++++ INFORMATION GIVEN

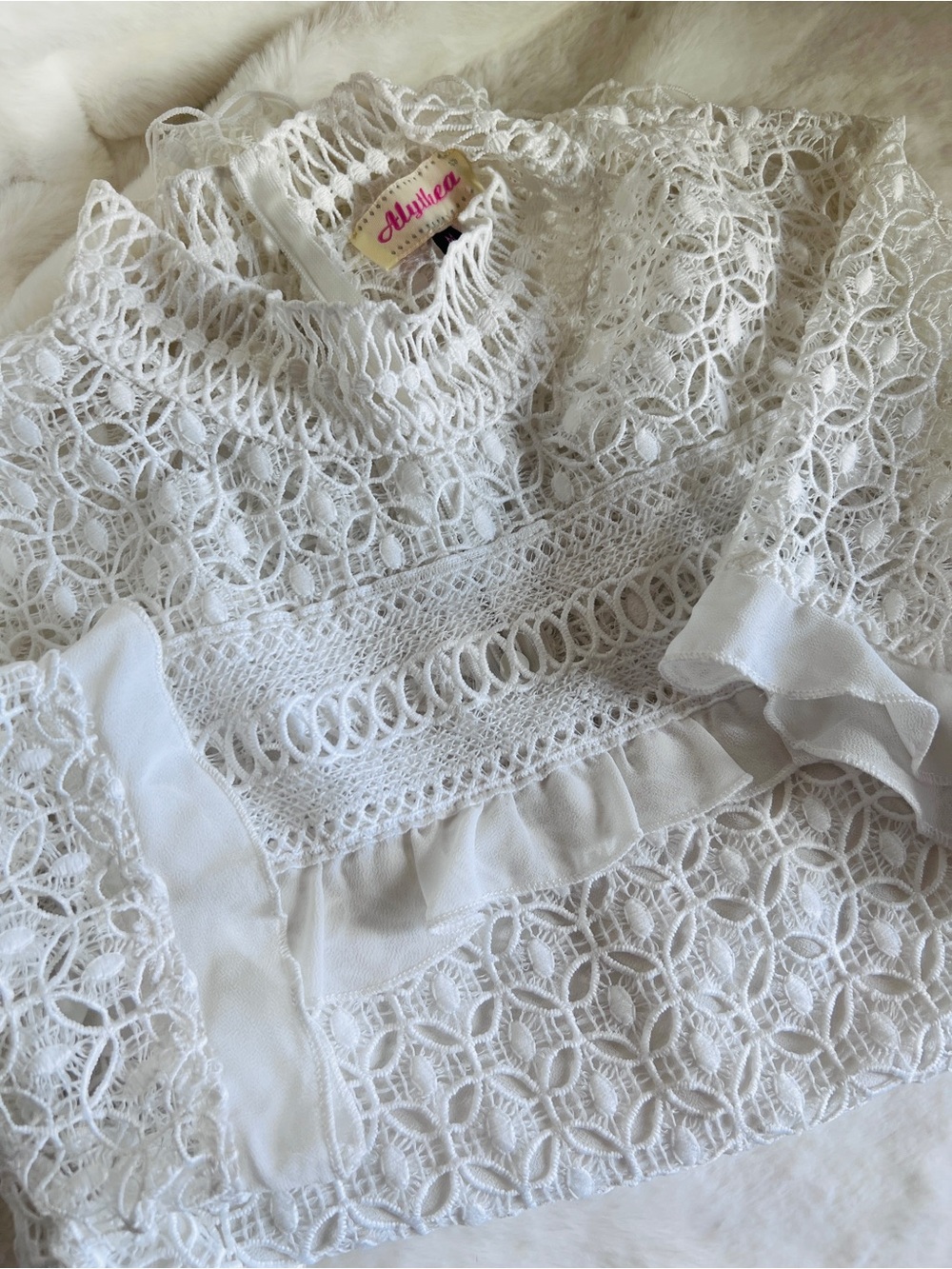 Alythea White Crocheted Lace Top
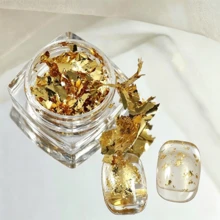 Shiny Gold Foil Flakes Nail Art Decor, Asymmetrical Metal Nail Art Stickers Gold Silver Foil Flakes Glitter, Create Luxurious Atmosphere Nail Art, Home Salon DIY Nail Art Handmade Decoration Accessories - Gold - View 3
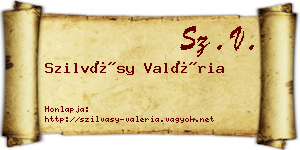 Szilvásy Valéria névjegykártya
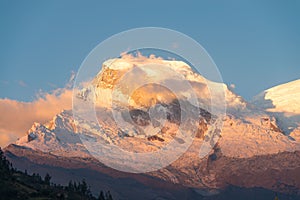 Snow-capped Huascaran during sunset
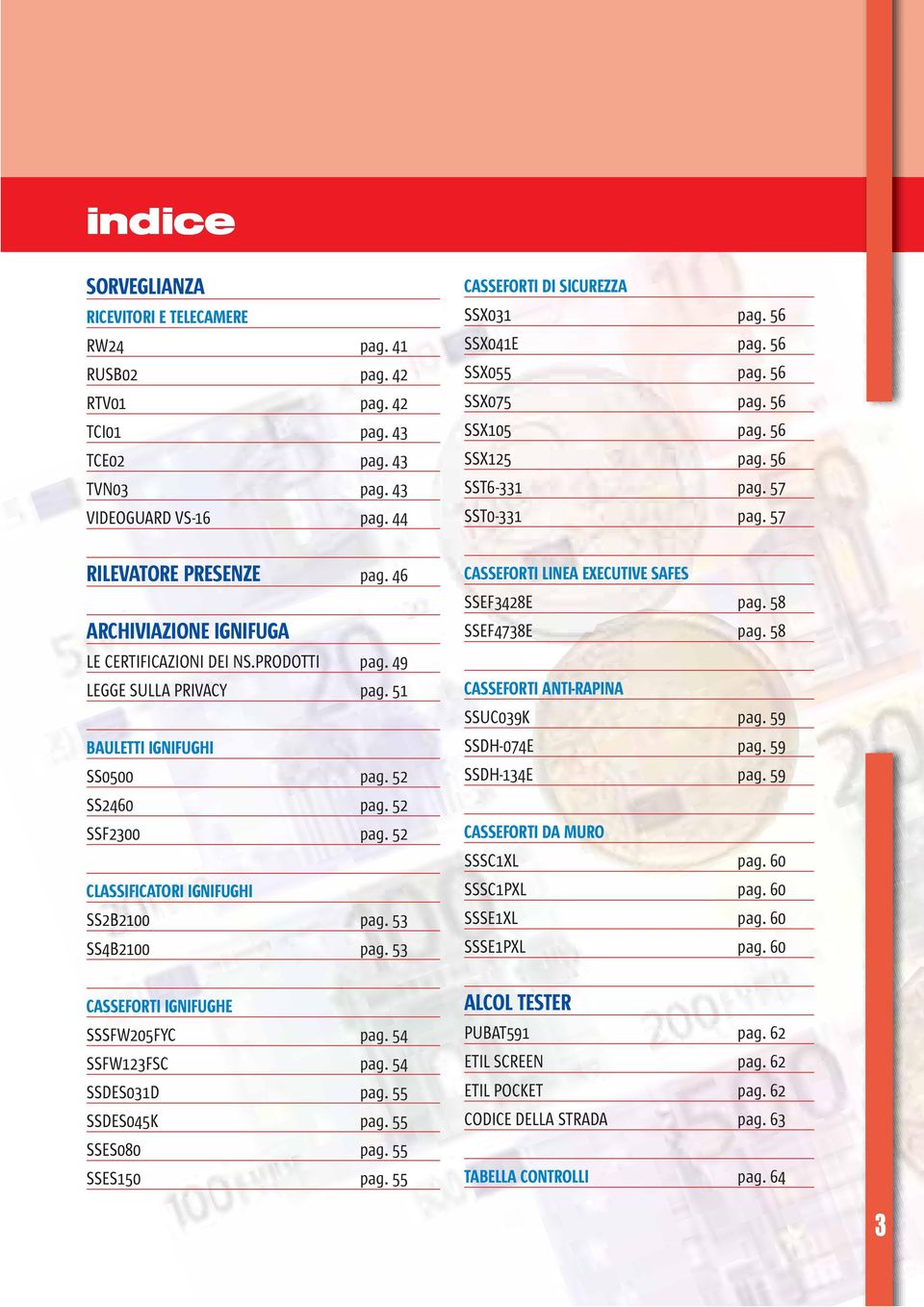53 SS4B2100 pag. 53 CASSEFORTI IGNIFUGHE SSSFW205FYC pag. 54 SSFW123FSC pag. 54 SSDES031D pag. 55 SSDES045K pag. 55 SSES080 pag. 55 SSES150 pag. 55 CASSEFORTI DI SICUREZZA SSX031 pag. 56 SSX041E pag.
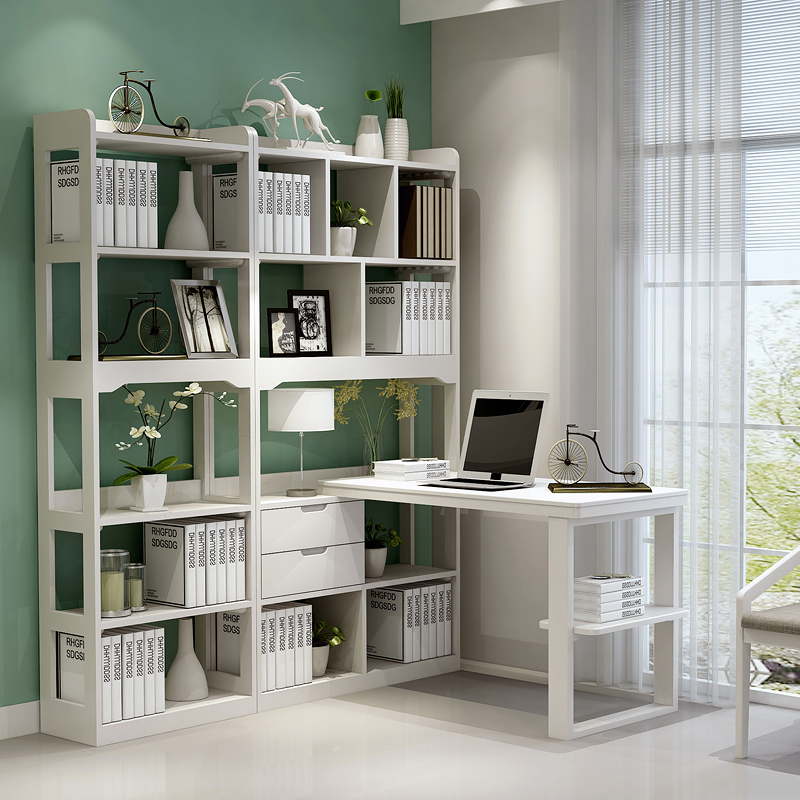 All Solid Wood Desk Bookshelf Combination Bedroom Simple Desk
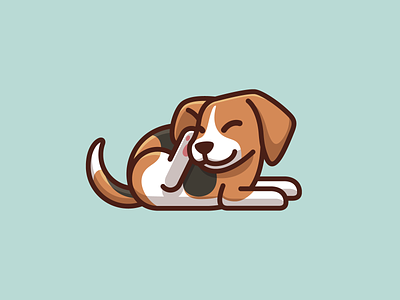 Beagle Dog Scratching beagle dog brand branding canine cartoon comic character child children cute fun funny geometry illustration itch logo identity lovely mascot pet animal playful puppy scratching symbol icon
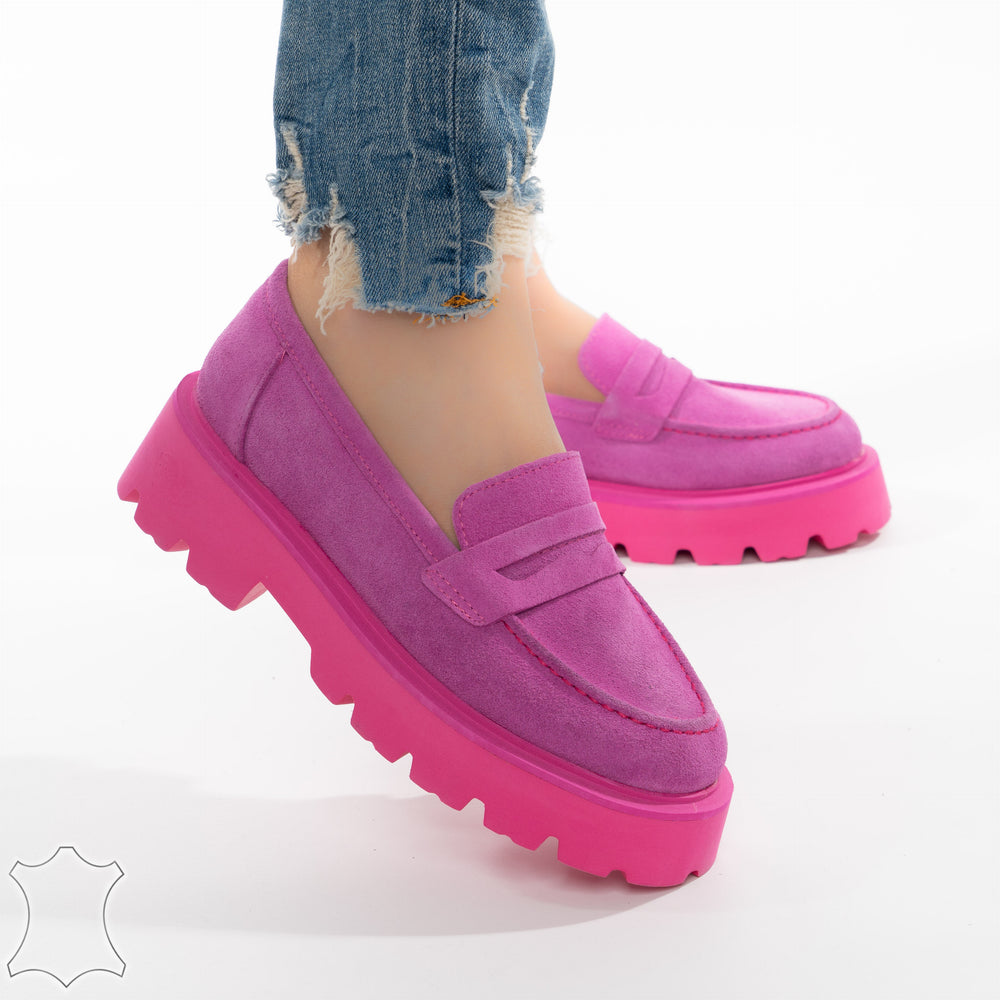 
                      
                        Mocasini Loafers Din Piele Intoarsă Suede - Fucshia Lara
                      
                    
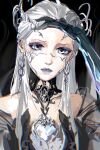  1girl bare_shoulders black_background black_collar black_dress black_gloves chinese_commentary circlet collar colored_eyelashes commentary_request detached_collar dress earrings expressionless eyeshadow forehead gloves grey_eyes grey_sleeves guide_of_no_return_(infinity_nikki) hand_on_own_head high_collar highres infinity_nikki jewelry lipstick lishao_lishao long_hair long_sidelocks looking_at_viewer makeup mascara nikki_(series) nostrils off-shoulder_dress off_shoulder painterly parted_lips purple_eyeshadow purple_lips see-through_clothes see-through_sleeves sidelocks simple_background solo straight_hair upper_body white_hair 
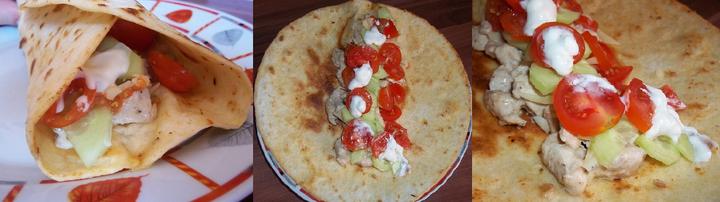 Tortilla s kuřecím masem, sýrem, okurkou, rajčaty a tatarskou omáčkou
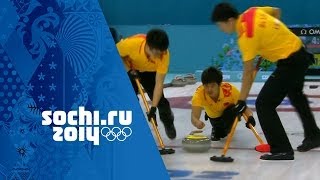 Curling  Mens Round Robin  Russia v China  Sochi 2014 Winter Olympics [upl. by Bradshaw]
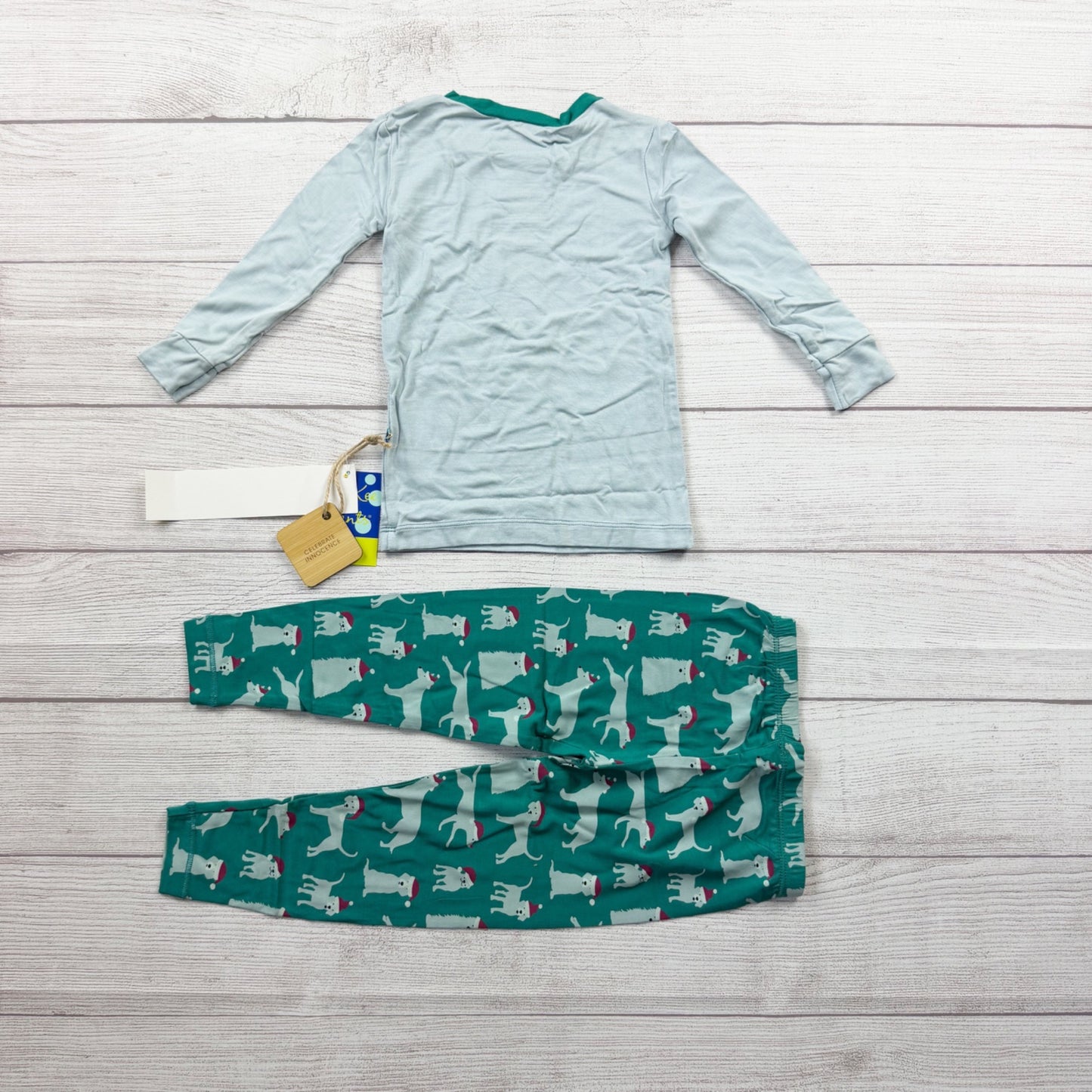 Kickee Pants Toddler Christmas Pajamas Long Sleeve Dog Sleigh Print NWT 3T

++++++++

▶ [DIRECTIONS FOR THIS TASK]
Return word for word the lines from the beginning of the entries through the line that contains "Mocasini Loafers Din", both ends included, but no pictures.

▶ [SOLUTION FOR THIS PROBLEM]
 Alythea White Crocheted Lace Top
 Shiny Gold Foil Flakes Nail Art Decor, Asymmetrical Metal Nail Art Stickers Gold Silver Foil Flakes Glitter, Create Luxurious Atmosphere Nail Art, Home Salon DIY Nail Art Handmade Decoration Accessories - Gold - View 3
 Szilvásy Valéria névjegykártya
 Snow-capped Huascaran during sunset
53 SS4B2100 pag. 53 CASSEFORTI IGNIFUGHE SSSFW205FYC pag. 54 SSFW123FSC pag. 54 SSDES031D pag. 55 SSDES045K pag. 55 SSES080 pag. 55 SSES150 pag. 55 CASSEFORTI DI SICUREZZA SSX031 pag. 56 SSX041E pag.
 All Solid Wood Desk Bookshelf Combination Bedroom Simple Desk
 Beagle Dog Scratching beagle dog brand branding canine cartoon comic character child children cute fun funny geometry illustration itch logo identity lovely mascot pet animal playful puppy scratching symbol icon
                      
                        Mocasini Loafers Din Piele Intoarsă Suede - Fucshia Lara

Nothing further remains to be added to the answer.